Stealing the show at Paris Fashion Week

On other days the King and Queen are couture royalty, being snapped for their experimental street style at the shows in London, Paris and Milan. Charles is at turns a punk in head-to-toe leather with treacherous spikes and an avant-garde influencer who looks totally relaxed in an inflatable silver jumpsuit. “I love the ultimate silliness of ultra-high fashion on the royals. It just works. It’s the high-low, the mock serious, the punch-down of formality.”

Charles models hippy hair. “The whole human race has a hair obsession,” Reilly says

Reilly’s first post of the year was an image of Prince Harry’s memoir Spare, though his version features Harry with a giant ginger bouffant. Naturally the book was renamed Hair (“the uncut version”). Charles has also been depicted with a variety of extreme dos, including the long scraggly hair of a tree hugger and the luscious locks of a wizened old Game of Thrones character. “The whole human race has a hair obsession,” Reilly says. “It tickles our deep, collective monkey brain seeing unexpected hair. It’s like the magic of wigs. Ask a drag queen!”

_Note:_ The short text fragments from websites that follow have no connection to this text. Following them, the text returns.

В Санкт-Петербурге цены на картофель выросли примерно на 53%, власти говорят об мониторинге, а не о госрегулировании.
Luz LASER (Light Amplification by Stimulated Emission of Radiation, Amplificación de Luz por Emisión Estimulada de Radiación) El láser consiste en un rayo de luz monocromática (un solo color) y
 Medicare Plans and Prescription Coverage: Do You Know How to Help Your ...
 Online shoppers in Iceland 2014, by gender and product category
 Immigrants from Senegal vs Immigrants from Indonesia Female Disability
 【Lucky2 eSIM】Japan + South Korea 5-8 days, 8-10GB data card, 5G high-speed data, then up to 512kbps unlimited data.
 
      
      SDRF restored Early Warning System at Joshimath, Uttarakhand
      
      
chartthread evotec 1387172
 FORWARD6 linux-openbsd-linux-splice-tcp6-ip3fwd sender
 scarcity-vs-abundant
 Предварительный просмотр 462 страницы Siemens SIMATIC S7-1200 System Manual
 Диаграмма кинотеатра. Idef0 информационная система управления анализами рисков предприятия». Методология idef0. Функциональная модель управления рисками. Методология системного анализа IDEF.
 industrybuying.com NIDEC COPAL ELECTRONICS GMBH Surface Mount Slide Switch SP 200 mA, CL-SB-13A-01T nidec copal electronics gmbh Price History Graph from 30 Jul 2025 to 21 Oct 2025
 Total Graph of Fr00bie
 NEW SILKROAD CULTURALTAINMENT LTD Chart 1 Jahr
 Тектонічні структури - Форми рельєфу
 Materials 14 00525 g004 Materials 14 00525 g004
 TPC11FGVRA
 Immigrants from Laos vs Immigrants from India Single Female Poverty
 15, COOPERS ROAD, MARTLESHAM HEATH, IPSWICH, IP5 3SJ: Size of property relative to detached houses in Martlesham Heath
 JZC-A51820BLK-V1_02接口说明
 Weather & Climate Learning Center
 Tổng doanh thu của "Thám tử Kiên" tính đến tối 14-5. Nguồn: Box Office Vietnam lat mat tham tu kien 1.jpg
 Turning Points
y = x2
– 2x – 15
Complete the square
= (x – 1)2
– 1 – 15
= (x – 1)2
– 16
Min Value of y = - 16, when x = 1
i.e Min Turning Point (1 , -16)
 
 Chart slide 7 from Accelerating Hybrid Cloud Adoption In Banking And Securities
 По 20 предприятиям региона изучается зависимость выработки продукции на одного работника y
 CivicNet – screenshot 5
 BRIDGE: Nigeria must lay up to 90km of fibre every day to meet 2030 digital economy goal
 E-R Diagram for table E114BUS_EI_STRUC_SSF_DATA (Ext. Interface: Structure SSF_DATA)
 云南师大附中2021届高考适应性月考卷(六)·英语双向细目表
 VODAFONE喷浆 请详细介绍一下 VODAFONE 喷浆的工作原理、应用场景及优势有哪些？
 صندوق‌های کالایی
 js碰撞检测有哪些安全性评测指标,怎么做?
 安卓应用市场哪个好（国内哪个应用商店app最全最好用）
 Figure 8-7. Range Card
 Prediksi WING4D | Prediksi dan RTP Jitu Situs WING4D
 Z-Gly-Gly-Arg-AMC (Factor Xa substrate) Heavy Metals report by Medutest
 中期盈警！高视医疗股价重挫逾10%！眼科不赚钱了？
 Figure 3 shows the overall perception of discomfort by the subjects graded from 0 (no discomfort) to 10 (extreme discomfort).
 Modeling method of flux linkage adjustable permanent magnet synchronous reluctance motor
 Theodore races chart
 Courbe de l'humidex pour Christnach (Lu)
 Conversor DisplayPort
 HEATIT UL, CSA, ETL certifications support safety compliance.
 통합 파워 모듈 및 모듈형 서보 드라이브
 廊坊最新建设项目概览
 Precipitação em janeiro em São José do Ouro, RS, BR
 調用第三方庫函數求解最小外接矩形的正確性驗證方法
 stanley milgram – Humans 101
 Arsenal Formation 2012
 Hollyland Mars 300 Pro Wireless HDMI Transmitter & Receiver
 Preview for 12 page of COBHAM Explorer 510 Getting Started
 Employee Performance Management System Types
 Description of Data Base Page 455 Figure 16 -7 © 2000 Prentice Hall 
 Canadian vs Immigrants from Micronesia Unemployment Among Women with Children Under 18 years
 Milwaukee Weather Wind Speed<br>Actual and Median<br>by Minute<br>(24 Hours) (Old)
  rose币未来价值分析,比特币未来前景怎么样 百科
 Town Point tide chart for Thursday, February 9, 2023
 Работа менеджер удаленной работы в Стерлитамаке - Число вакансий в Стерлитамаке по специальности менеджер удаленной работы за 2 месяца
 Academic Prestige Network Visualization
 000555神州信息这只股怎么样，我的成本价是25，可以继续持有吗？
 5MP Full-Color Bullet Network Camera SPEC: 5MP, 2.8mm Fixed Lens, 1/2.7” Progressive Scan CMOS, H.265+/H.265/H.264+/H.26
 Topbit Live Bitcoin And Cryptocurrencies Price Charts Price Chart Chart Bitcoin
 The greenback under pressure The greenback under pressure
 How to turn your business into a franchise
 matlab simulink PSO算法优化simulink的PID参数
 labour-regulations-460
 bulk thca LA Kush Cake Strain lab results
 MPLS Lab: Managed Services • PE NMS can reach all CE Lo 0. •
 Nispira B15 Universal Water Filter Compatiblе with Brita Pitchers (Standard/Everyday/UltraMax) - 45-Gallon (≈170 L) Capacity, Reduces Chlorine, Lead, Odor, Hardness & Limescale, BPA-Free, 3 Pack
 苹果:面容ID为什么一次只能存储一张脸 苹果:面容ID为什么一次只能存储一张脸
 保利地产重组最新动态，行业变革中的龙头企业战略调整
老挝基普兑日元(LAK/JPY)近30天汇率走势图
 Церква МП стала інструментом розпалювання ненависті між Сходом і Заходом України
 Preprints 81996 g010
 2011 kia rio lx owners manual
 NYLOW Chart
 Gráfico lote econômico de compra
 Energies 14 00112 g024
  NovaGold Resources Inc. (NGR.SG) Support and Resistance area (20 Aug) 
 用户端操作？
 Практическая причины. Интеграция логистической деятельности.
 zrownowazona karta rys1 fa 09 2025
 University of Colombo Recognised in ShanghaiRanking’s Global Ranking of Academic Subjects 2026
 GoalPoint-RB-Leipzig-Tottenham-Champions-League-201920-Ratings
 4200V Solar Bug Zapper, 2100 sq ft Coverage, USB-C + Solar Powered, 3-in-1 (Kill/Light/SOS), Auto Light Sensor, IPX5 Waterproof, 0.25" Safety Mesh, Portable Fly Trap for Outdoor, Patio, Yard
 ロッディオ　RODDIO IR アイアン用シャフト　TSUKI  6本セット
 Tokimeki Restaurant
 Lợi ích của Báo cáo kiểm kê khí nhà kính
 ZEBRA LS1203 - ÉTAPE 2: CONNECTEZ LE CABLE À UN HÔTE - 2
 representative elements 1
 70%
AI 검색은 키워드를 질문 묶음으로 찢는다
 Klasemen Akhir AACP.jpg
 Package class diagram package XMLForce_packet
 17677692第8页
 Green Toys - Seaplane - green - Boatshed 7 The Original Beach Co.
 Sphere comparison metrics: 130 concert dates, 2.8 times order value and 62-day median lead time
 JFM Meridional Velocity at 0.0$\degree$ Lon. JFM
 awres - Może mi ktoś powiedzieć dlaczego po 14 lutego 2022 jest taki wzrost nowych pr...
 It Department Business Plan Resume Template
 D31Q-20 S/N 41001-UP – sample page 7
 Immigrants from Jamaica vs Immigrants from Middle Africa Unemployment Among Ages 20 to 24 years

Does he ever worry about ruffling royal feathers? “I’ve always wondered about getting a cease and desist but honestly, my work comes from a place of joy and is never intended to harm. They can take a bit of playful satire. I reckon they like it.

The King giving it large on holiday

“Anyway, I recently had an email with the big Royal Warrant on it and it really scared me at first. I thought ‘Yikes! Here we go. Off with his head!’ But it was the Royal Collection Trust and they asked if they could have a print of one of my images of the Queen, to go into the collection. I’m so chuffed!”

The King’s had a busy year in Reillyworld. After his fabulous Liberace-esque coronation party, he and the Queen wore matching silver leather to perform at Eurovision (“even trying to compete with that epic mess of silliness is a challenge”) and went on holiday to Hydra where he was photographed in a floral shorts suit. Why Hydra? “Because I went to Hydra for my holibobs this year! It’s quite low-key bouji there, you know? Quite yachty, quite rich. There was an arts festival on when we went, loads of influencers draped around making TikToks, so it was natural to put [King Charles] there.” And although the King rocked out at Glastonbury, Reilly says he’d rather go to the festival with Meghan and Kate together. “I liberate an alternative storyline for them and maybe Glasto is exactly the kind of place it could happen.”

“The King is a very stylish man, we know this already. I’m just playing with our British sense of reverence — and the lack of it”

Reilly uses AI image generators to create this alt world for the royals. He writes text prompts such as “King Charles outside a British pub dressed as Superman holding a pint and a 75th-birthday cake” into an online AI image-maker and sees what it comes up with. The aim is to humanise the “big scary power of AI by adding art and humour”.

Queen Camilla on holiday. “It’s like when it gets messy at the Christmas party and the bosses start dancing,” Reilly says

And there is something uniquely funny about seeing a royal surrendering to wild abandon. Often Reilly’s images show them deliriously happy and in the midst of a goofy dance move. “It’s like when it gets messy at the Christmas party and the bosses start dancing. It’s that chaotic energy, then the snap and release,” Reilly says. “We all know that feeling. We all love that, right?”